--- Given records ---

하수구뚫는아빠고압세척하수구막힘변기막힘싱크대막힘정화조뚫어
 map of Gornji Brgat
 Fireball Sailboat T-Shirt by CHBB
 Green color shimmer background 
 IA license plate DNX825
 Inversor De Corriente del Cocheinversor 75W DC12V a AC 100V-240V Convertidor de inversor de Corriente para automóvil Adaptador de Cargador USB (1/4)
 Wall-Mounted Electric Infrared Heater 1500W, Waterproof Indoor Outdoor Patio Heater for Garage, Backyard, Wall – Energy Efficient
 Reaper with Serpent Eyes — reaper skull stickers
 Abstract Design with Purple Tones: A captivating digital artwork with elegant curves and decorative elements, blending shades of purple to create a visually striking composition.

---

## Work instructions:
Copy all lines in the listing above where the string "with" appears.

## Exercise result:
 Reaper with Serpent Eyes — reaper skull stickers
 Abstract Design with Purple Tones: A captivating digital artwork with elegant curves and decorative elements, blending shades of purple to create a visually striking composition.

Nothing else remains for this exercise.